Gestational trophoblastic disease

The term gestational trophoblastic disease is a spectrum of disorders with abnormal trophoblast proliferation and maturation, as well as neoplasms derived from trophoblast (see Chapter 66).

Complete hydatidiform mole

Complete hydatidiform mole is a placenta with grossly swollen chorionic villi, resembling bunches of grapes, and showing varying degrees of trophoblastic proliferation. Villi are enlarged, often ex­ceeding 5 mm in diameter.

Molecular pathogenesis and aetiological factors

Complete mole results from fertilization of an empty ovum that lacks functional maternal DNA. Most commonly, a haploid (23,X) set of paternal chromosomes introduced by monospermy dupli­cates to 46,XX, but dispermic 46,XX and 46,XY moles also occur.
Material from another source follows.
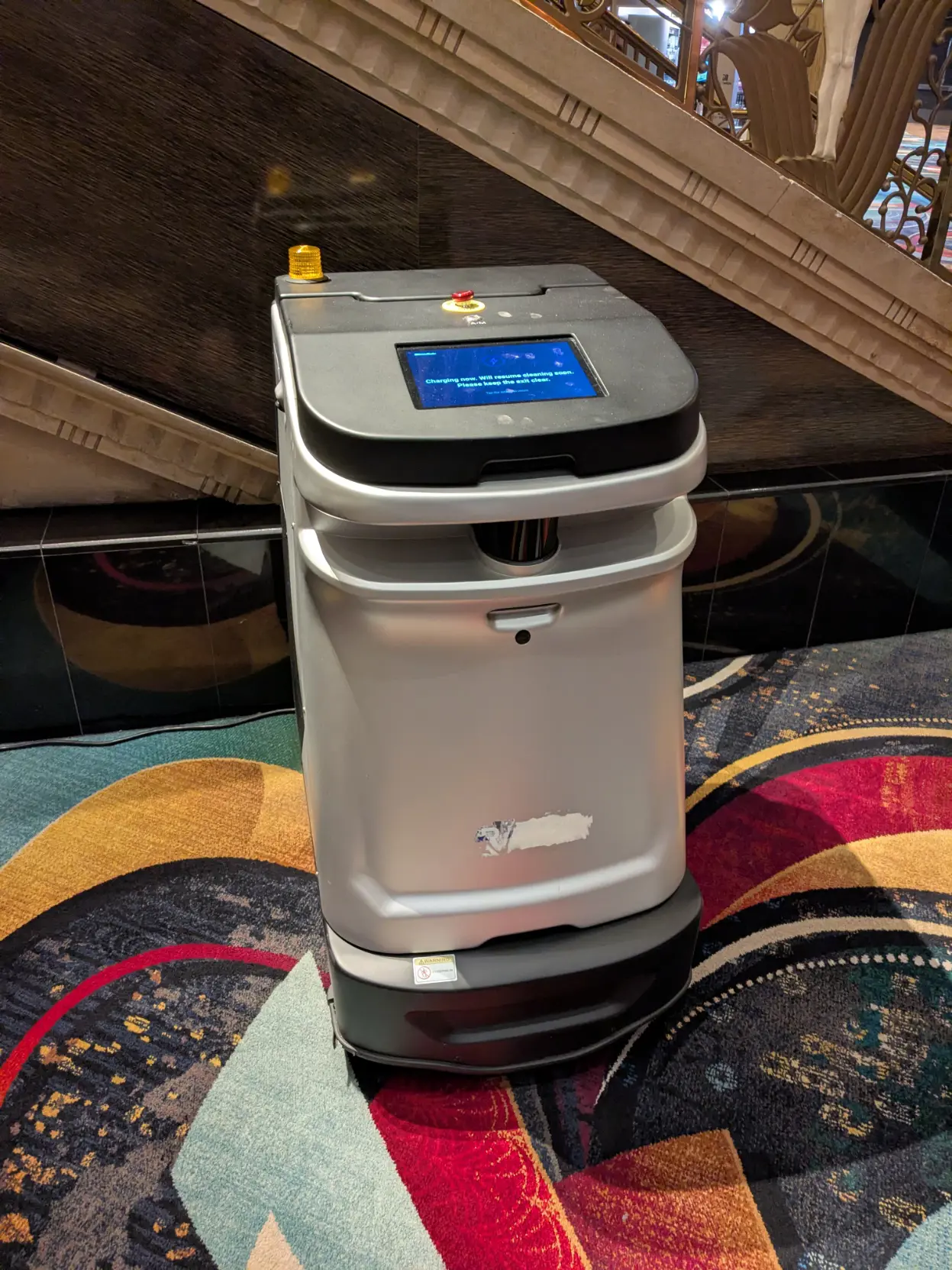 A carpet cleaning robot in it's charging bay. It's tall and rectangular with a white base and a black top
Moles characteristically lack maternal chromosomes. Paternally imprinted genes, such as p57 (also known as CDKN1C), in which only the maternal allele is expressed, are not expressed in villous trophoblasts of androgenetic-derived complete moles. Since the embryo dies at a very early stage, before placental circulation has developed, few chorionic villi develop blood vessels and fetal parts are absent. Women with a prior hydatidiform mole have a 20-fold greater risk of a subsequent molar pregnancy than the general population (1, 2).

Pathology

Microscopically, many individual villi have cisternae. Trophoblast is hyperplastic and composed of syncytiotrophoblast, cytotrophoblast, and intermediate trophoblast. Considerable cellular atypia is present.

Clinical features

Serum hCG levels are markedly elevated, and increase rapidly. Complications of complete mole include uterine haemorrhage, disseminated intravascular coagulation, uterine perforation, and trophoblastic embolism. The most important complication is development of choriocarcinoma, which occurs in about 2% of patients.

Treatment consists of suction curettage of the uterus under ultra­sound guidance and an oxytocic infusion and subsequent moni­toring of serum hCG levels.

Invasive hydatidiform mole

The villi of a hydatidiform mole may only enter the superficial myometrium or they may invade the uterus, and even the broad ligament. They tend to enter dilated venous channels of the myome­trium and one- third spread to distant sites, mostly the lungs. Uterine perforation is a major complication, but occurs in only a minority of cases (1, 2).

Gestational choriocarcinoma

Choriocarcinoma occurs in 1 of 160,000 normal gestations, 1 of 15,000 spontaneous abortions, 1 of 5000 ectopic pregnancies, and 1 of 40 complete molar pregnancies. Unlike most other cancers, choriocarcinomas lack intrinsic tumour vasculature. Thus, the tu­mours are typically necrotic and haemorrhagic and viable tumour is confined to the rim of the neoplasm. There is a dimorphic popu­lation of cytotrophoblast and syncytiotrophoblast, with varying degrees of intermediate trophoblast. hCG is localized to the syncytiotrophoblastic element. By definition, tumours containing any villous structures, even if metastatic, are considered hydatidi­form mole and not choriocarcinoma (1, 2).

Choriocarcinoma invades mainly through venous sinuses in the myometrium. It metastasizes widely via the bloodstream, especially to lungs (over 90%), brain, gastrointestinal tract, liver, and vagina. With current chemotherapy, recognition of risk factors (high hCG levels and prolonged interval since antecedent pregnancy), and early treatment, most patients are cured.

Placental site trophoblastic tumour

Placental site trophoblastic tumours are the least common trophoblastic tumours, and are mainly composed of intermediate trophoblastic cells. Mononuclear and multinuclear trophoblast may be present as sheets of cells interspersed among myometrial cells. No chorionic villi are seen. Placental site trophoblastic tumour is distinguished from choriocarcinoma by its mono­morphic (intermediate) trophoblastic proliferation, unlike the dimorphic pattern of trophoblast in choriocarcinoma. Most trophoblastic cells express human placental lactogen, but a few express hCG (1, 2).

Placental site trophoblastic tumour must be excised com­pletely (hysterectomy) to prevent local recurrence. It sometimes metastasizes and may be fatal. Large tumours and mitotic indices of more than five mitoses/10 HPFs are associated with worse prognosis.